Task statement: In the records below, the line with "Girls Kids Official" and every line after it must be written out exactly; no pictures belong in the result.

——————————

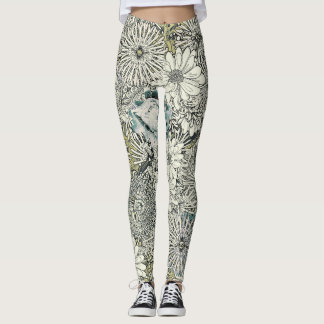 Leggings Guêtres florales illustrées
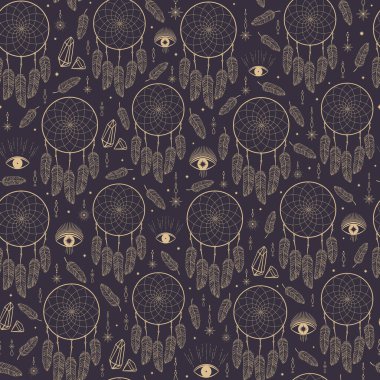 El çizimi kusursuz rüya kapanı, tüy, yıldız, göz, elmas deseni. Bohem tılsımı, bohem etnik tarzı, sihirli kabile sembolü. Duvar kağıdı, ambalaj kağıdı, kumaş için vektör çizimi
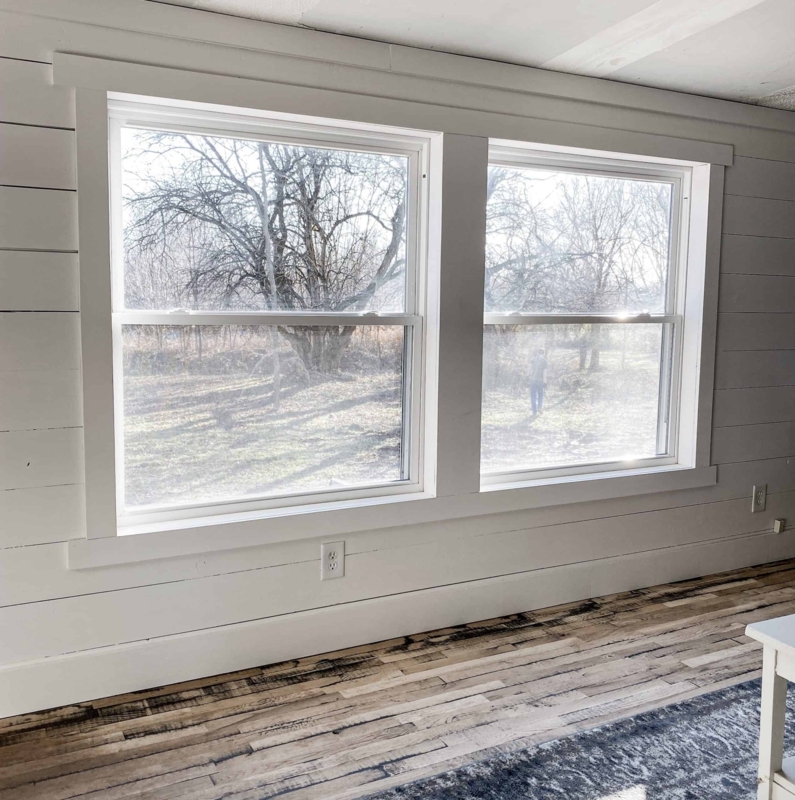 Craftsman Window Trim Design in Farmhouse Living Room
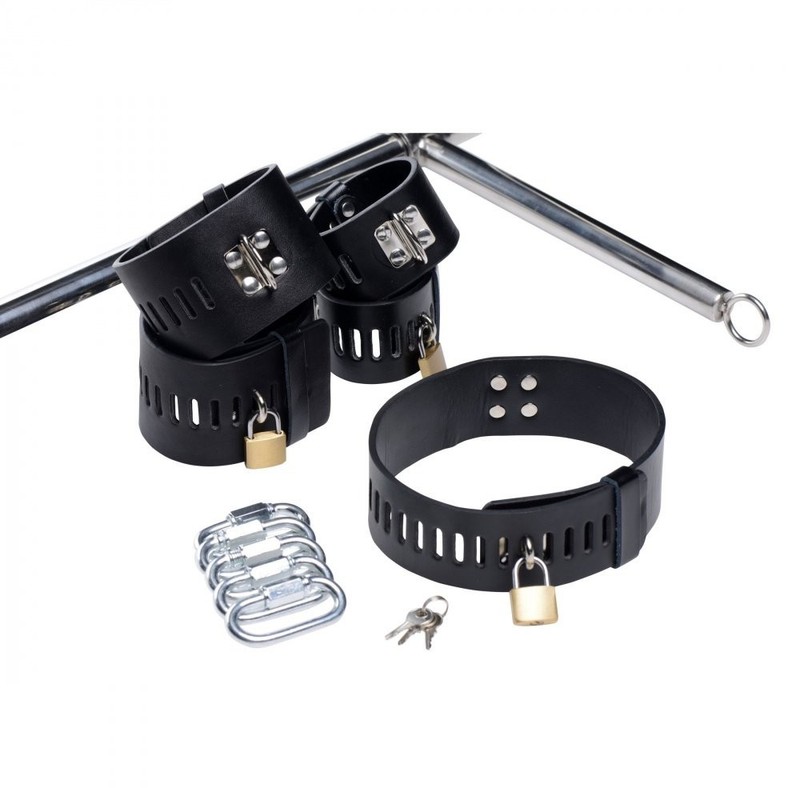 Master Series Imprisoned Metal Stockade – Adjustable Bondage Frame with Attachme gallery
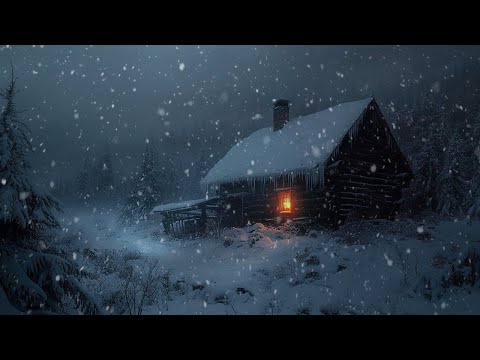 Winter Night in the Abandoned House on the Mountain | Severe Blizzard & Blustery Wind Sounds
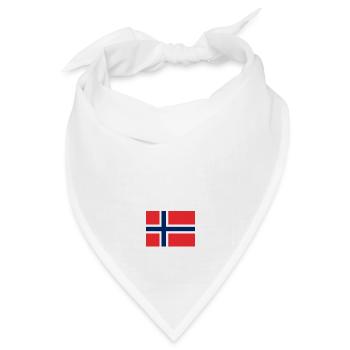 Norwegische Flagge - Bandana Dreieckstuch - Weiß - Vorne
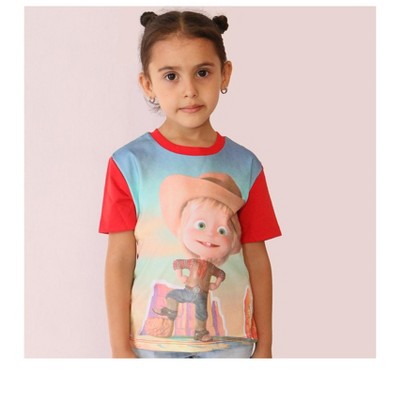 Girls Kids Official Masha And The Bear White Short Sleeve T Shirt Top 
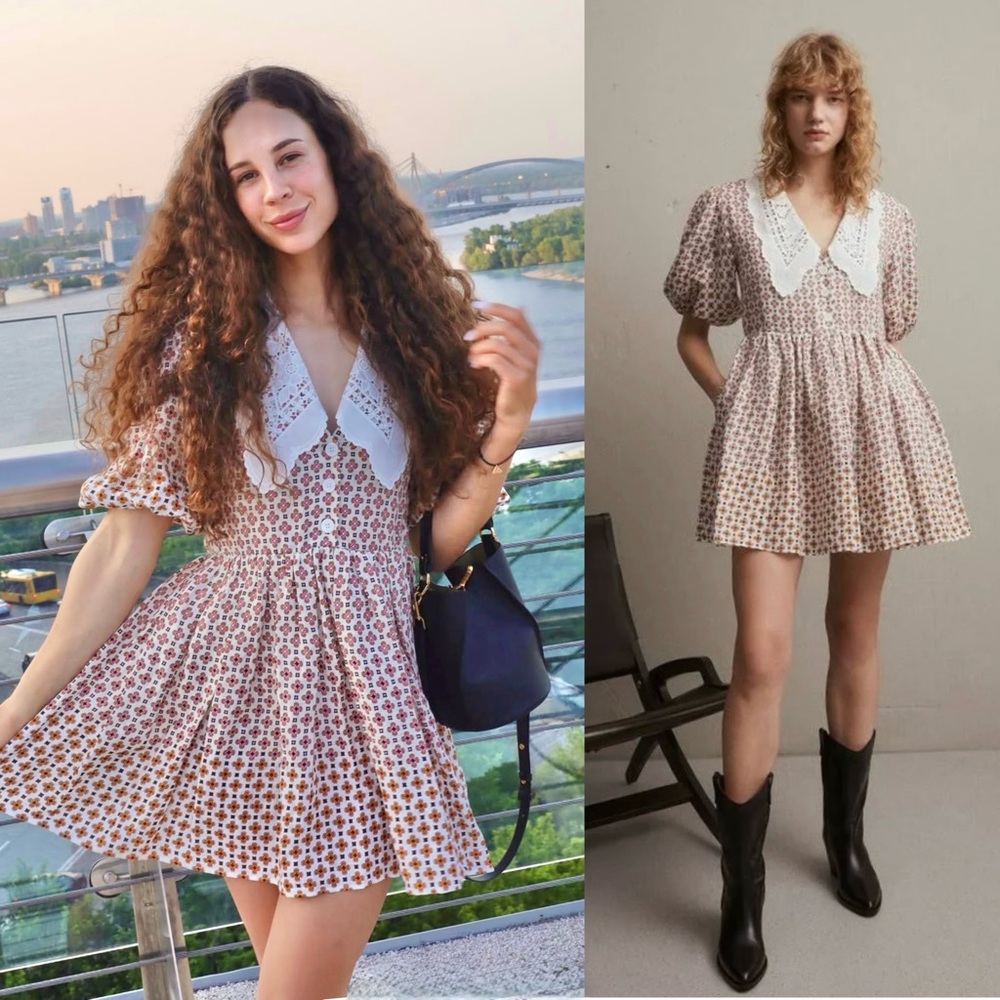 MAJE Lace Collar Tile Print Linen Puff Sleeve Cottagecore 70s Babydoll Dress 6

——————————

Answer to the exercise:
 Girls Kids Official Masha And The Bear White Short Sleeve T Shirt Top 
 MAJE Lace Collar Tile Print Linen Puff Sleeve Cottagecore 70s Babydoll Dress 6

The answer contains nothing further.